Despite significant investments in immunization programmes, many vulnerable populations in Nigeria continue to face persistent barriers that limit access to vaccines and reduce uptake. Women, older persons, persons with disabilities, internally displaced persons, and individuals living with chronic health conditions often encounter intersecting social, economic, cultural, and health-system challenges that hinder their ability to access life-saving vaccination services. Understanding these barriers is critical to ensuring that immunization programmes are not only effective, but also equitable and inclusive.

In response to this challenge, the Centre for Gender, Women and Children in Sustainable Development (CGWCSD), in partnership with the World Health Organization (WHO), conducted a rapid gender analysis across six states in Nigeria to identify the key factors influencing vaccination uptake among vulnerable populations. The study adopted a mixed-methods approach, combining household surveys, focus group discussions, key informant interviews, stakeholder consultations, and desk reviews to generate robust evidence on the gender, equity, and human rights dimensions of vaccine access. The findings were used to inform targeted strategies aimed at improving immunization coverage and ensuring that underserved populations are not left behind.

Key Activities

The project began with inception and stakeholder engagement meetings to secure collaboration and alignment among key partners and institutions. This was followed by a comprehensive review of relevant policies, literature, and immunization frameworks to inform the study. Data were collected through household surveys, key informant interviews with health officials and community stakeholders, and focus group discussions involving women, older persons, persons with disabilities, and other vulnerable groups.

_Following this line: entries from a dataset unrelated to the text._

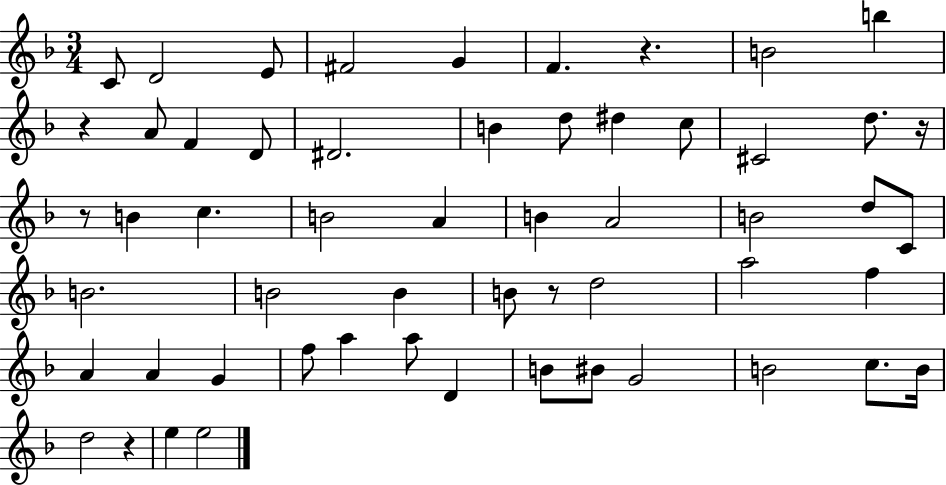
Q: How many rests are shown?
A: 6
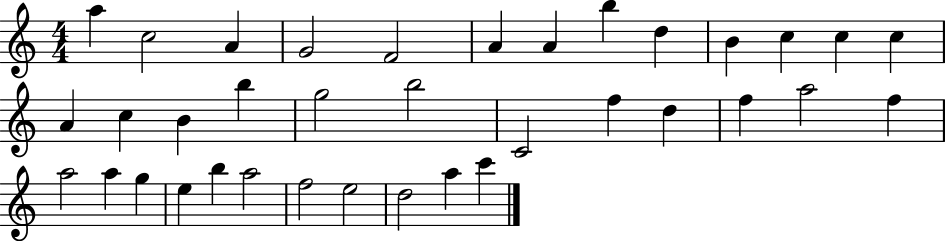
{
  \clef treble
  \numericTimeSignature
  \time 4/4
  \key c \major
  a''4 c''2 a'4 | g'2 f'2 | a'4 a'4 b''4 d''4 | b'4 c''4 c''4 c''4 | \break a'4 c''4 b'4 b''4 | g''2 b''2 | c'2 f''4 d''4 | f''4 a''2 f''4 | \break a''2 a''4 g''4 | e''4 b''4 a''2 | f''2 e''2 | d''2 a''4 c'''4 | \break \bar "|."
}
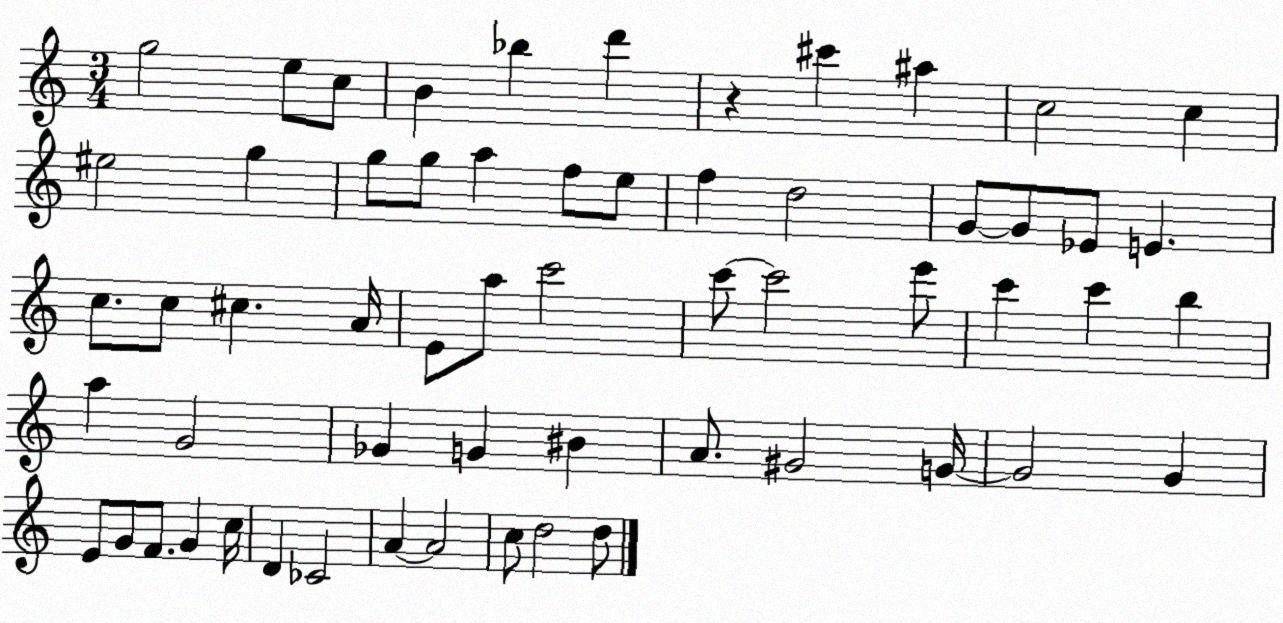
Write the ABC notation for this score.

X:1
T:Untitled
M:3/4
L:1/4
K:C
g2 e/2 c/2 B _b d' z ^c' ^a c2 c ^e2 g g/2 g/2 a f/2 e/2 f d2 G/2 G/2 _E/2 E c/2 c/2 ^c A/4 E/2 a/2 c'2 c'/2 c'2 e'/2 c' c' b a G2 _G G ^B A/2 ^G2 G/4 G2 G E/2 G/2 F/2 G c/4 D _C2 A A2 c/2 d2 d/2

Findings from multiple data sources were analysed and triangulated to ensure accuracy and reliability, leading to the development and dissemination of evidence-based recommendations to support more equitable, inclusive, and gender-responsive immunization programmes in Nigeria.

Key Findings

The study revealed that although awareness of vaccination was generally high, several barriers continued to limit vaccine uptake among vulnerable populations.

Key challenges identified included:

  • Gender and social inclusion barriers affecting access to services.
  • Concerns about vaccine safety and widespread misinformation.
  • Transportation costs and long distances to vaccination centres.
  • Cultural and religious beliefs influencing vaccination decisions.
  • Health workforce shortages and service delivery limitations.
  • Inadequate accessibility for persons with disabilities, older persons, and individuals living with underlying health conditions.

Impact

The project provided critical evidence to strengthen gender-responsive and equitable immunization programming in Nigeria.

Findings informed practical recommendations aimed at:

  • Improving vaccine accessibility for underserved populations.
  • Strengthening risk communication and community engagement.
  • Addressing misinformation and vaccine hesitancy.
  • Enhancing inclusive service delivery approaches.
  • Integrating gender, equity, and human rights considerations into immunization policies and programmes.

The study contributed to national and sub-national efforts to ensure that vaccination services are accessible to all populations, particularly those most at risk of exclusion into public health policies and interventions.

Partners

  • World Health Organization (WHO)
  • National Primary Health Care Development Agency (NPHCDA)
  • Federal and State Ministries of Health
  • State Primary Health Care Development Agencies

Location & Coverage

The project was implemented in selected communities across Ebonyi, Kebbi, Kogi, Lagos, Rivers, and Taraba States, with a focus on populations experiencing low vaccination coverage and heightened vulnerability.